Elle demande un temps d’adaptation. Le mécanisme des palettes ne « répond » pas de la même manière que les pistons. La sensation au toucher est différente, surtout dans les traits rapides. Il faut dès lors travailler plus attentivement ces passages et s’adapter aux nouvelles sensations dans les doigts. Heureusement, les doigtés (le choix d’un doigt pour une note spécifique) sont les mêmes que ceux de la trompette à pistons. Autre particularité, la perce de l’instrument (la forme du tuyau dans lequel on souffle) est différente, ce qui signifie que la manière d’envoyer l’air dans la trompette varie un peu.
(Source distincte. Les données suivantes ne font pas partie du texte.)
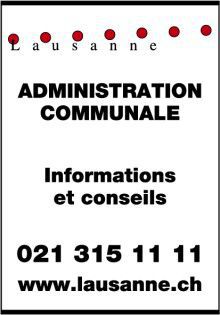 Central téléphonique communal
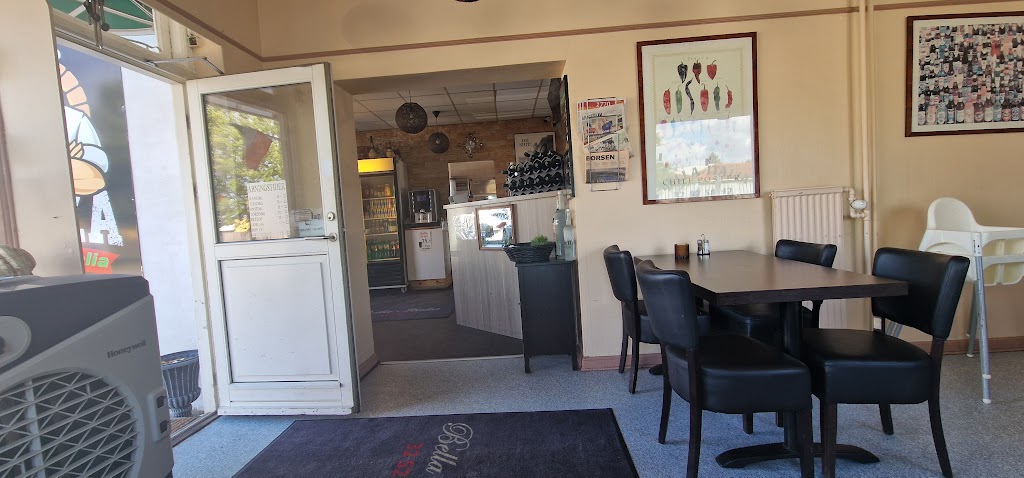 pizzeria-bella-italia-3.jpeg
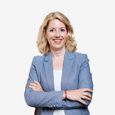 Caroline Danner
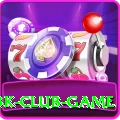 3K Club Game Premium v2.3.3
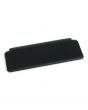 SV2016 Mini sun visor usually fitted on the drivers side for all Mini models 1966 to 2001.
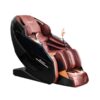 Ghế massage cao cấp A39
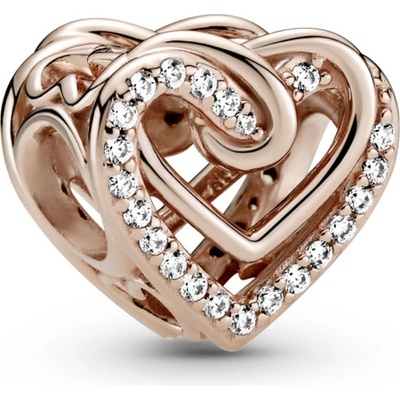 Pandora 789270C01
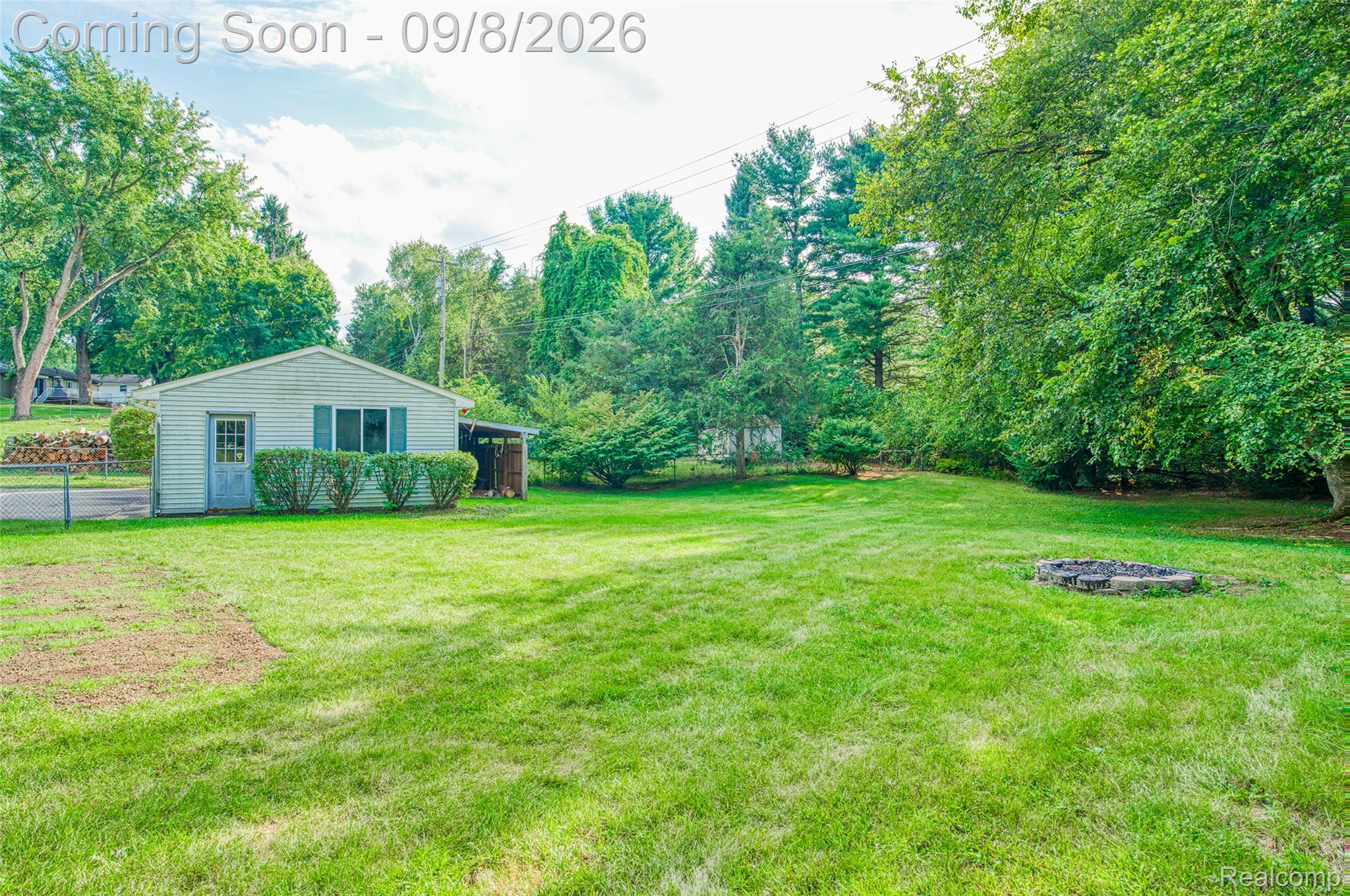 8180 Whitmore Lake Road Brighton, MI 48116 - Photo 31 of 38 DSC08922_30.jpg
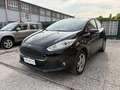 Ford Fiesta 5p 1.0 Titanium 80cv E6 - thumbnail 1
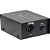 Direct Box Passivo Hayonik DB300 Preto - Imagem 2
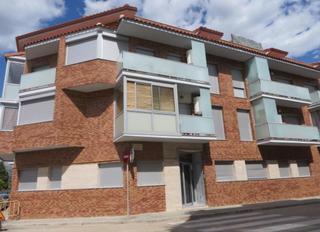 Posto auto  Anoia. Solvia inmobiliaria  garaje hostalets de pierola els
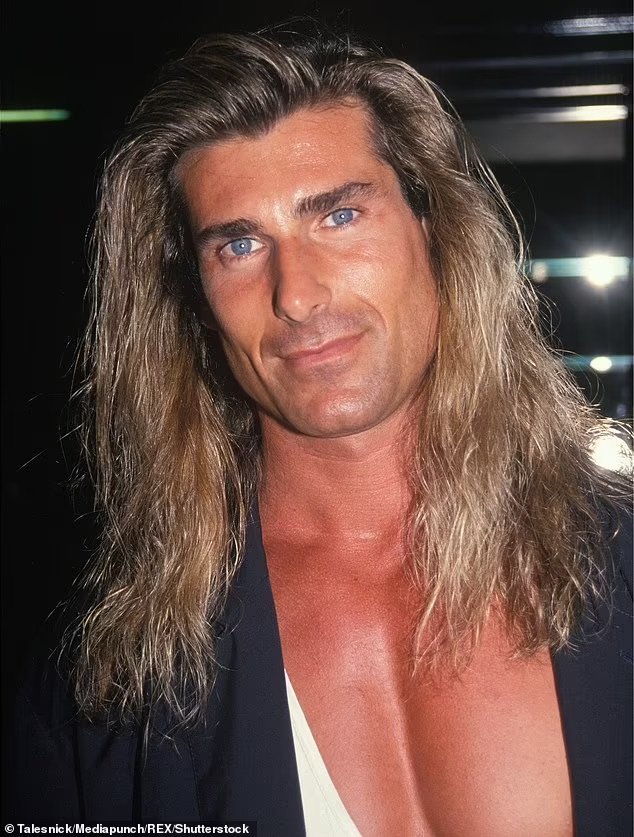 Fabio
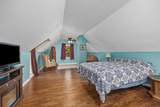 2442 De Laat Avenue - Photo 17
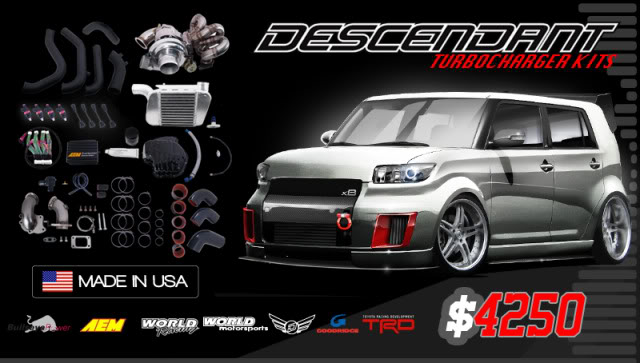 Name:  xbturbo.jpg
Views: 3449
Size:  56.2 KB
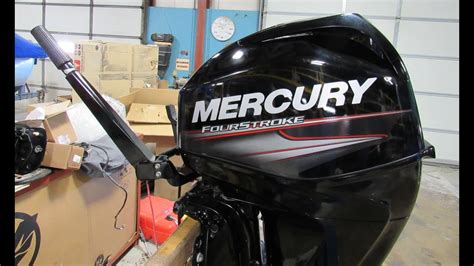 Mercury outboard 30hp 40hp four stroke efi workshop repair manual download 2002 onwards. - 3d game engine design a practical approach to real time computer graphics morgan kaufmann series in interactive 3d technology.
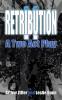 RETRIBUTION II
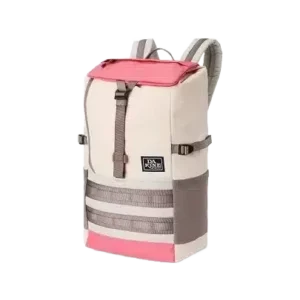 June Backpack 25L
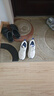耐克NIKE女子訓練鞋 NIKE PROMINA 運動鞋F(xiàn)V6343-003粉色 37.5 曬單實拍圖
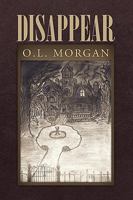 Disappear 1450042732 Book Cover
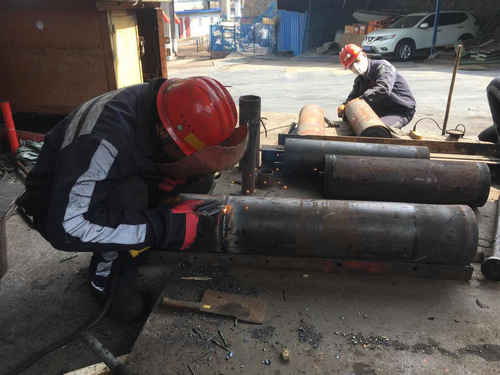 陜煤建設(shè)洗選煤運(yùn)營(yíng)公司：三項(xiàng)舉措保障產(chǎn)量穩(wěn)步增長(zhǎng)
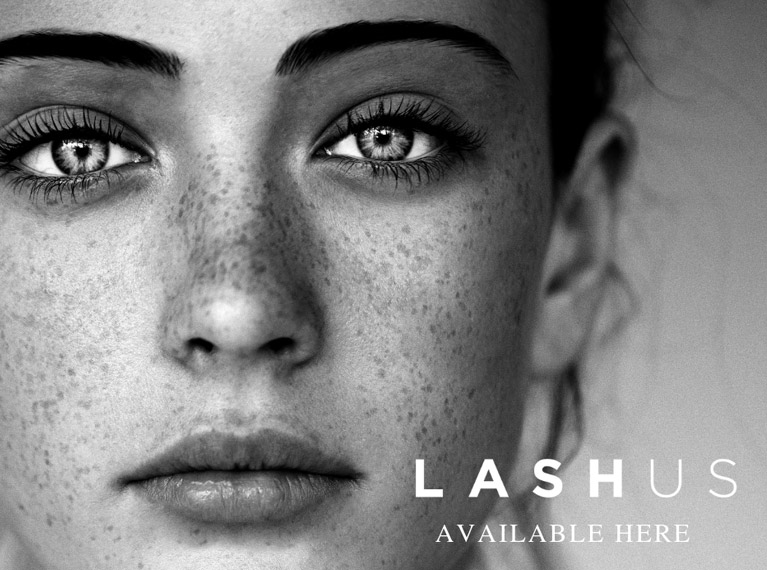 LashUs Lash Lift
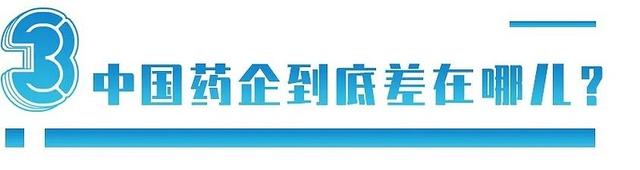 1621497496648727.jpeg 15.jpeg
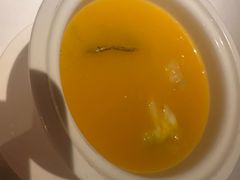 -王品牛排(珠海富华里店)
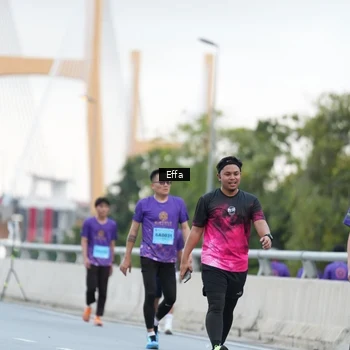 Runner Photo 2736497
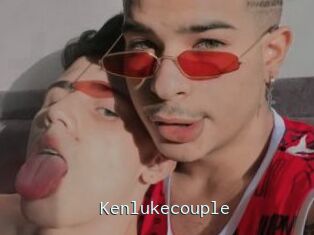 Kenlukecouple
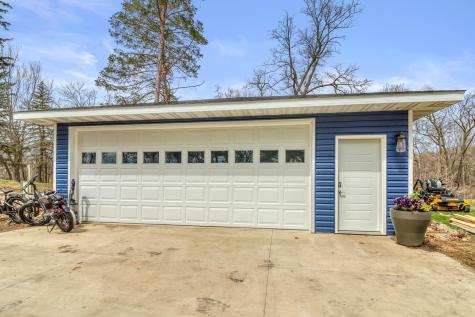 51313 Knoll Road Pelican Rapids MN 56572
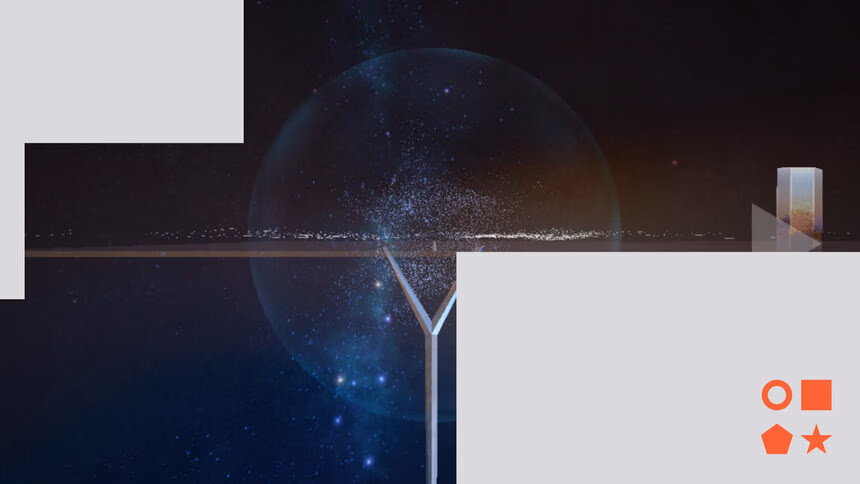 Bitcoin NFTs: Old but gold?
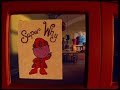 Super Why Pilot 1999 Theme Song RARE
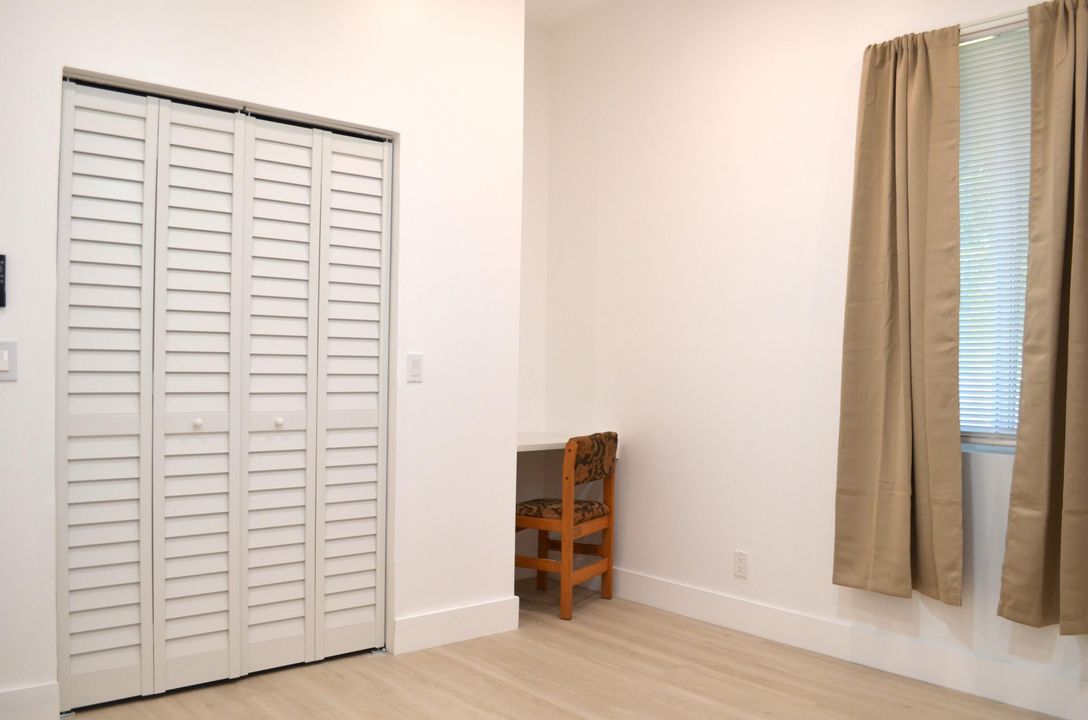 For Sale: $649,000 (3 beds, 2 baths, 1770 Square Feet)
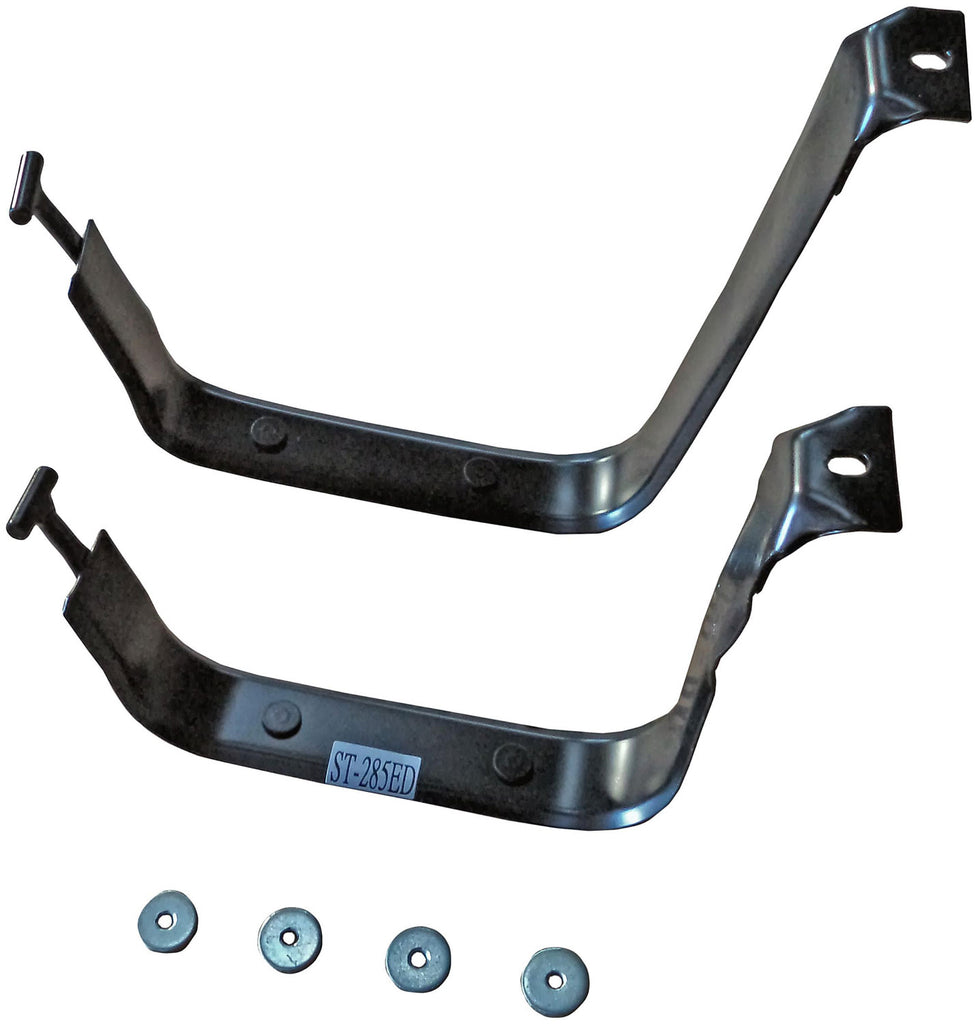 Fuel Tank Strap Set (Dorman 578-285)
Idéalement, il est préférable aussi d’utiliser des embouchures conçues pour les trompettes à palettes, légèrement différentes des embouchures de trompettes à pistons. Il faut également un petit temps pour s’habituer à l’intonation de l’instrument, à sa justesse. Enfin, le pupitre de trompettes de l’OPRL a dû se réunir quelques fois pour trouver un son collectif homogène.

La trompette à palettes est-elle seulement utilisée au sein de l’orchestre ?

Même si elle est particulièrement adaptée à l’orchestre, la trompette à palettes peut évidemment être utilisée dans d’autres contextes : en soliste, en musique de chambre, dans le jazz ou encore dans la variété (par exemple le répertoire Oberbayern).

Comment s’est effectué le choix du facteur ?

Nous nous sommes renseignés auprès de différents musiciens et fournisseurs et régulièrement c’est le nom du facteur Weimann (installé à Weimar, en Allemagne) qui sortait du lot. Nous avons pu tester ces trompettes il y a six mois, par l’intermédiaire du représentant parisien de Weimann — l’Atelier des cuivres —  qui nous a fait parvenir plusieurs instruments et embouchures. Les essais ont été convaincants. Nous avons commandé trois instruments. Ils sont arrivés à la mi-octobre et seront utilisés pour la première fois cette semaine, notamment dans le Concerto pour piano de Grieg et la Symphonie n°3 « Rhénane » de Schumann.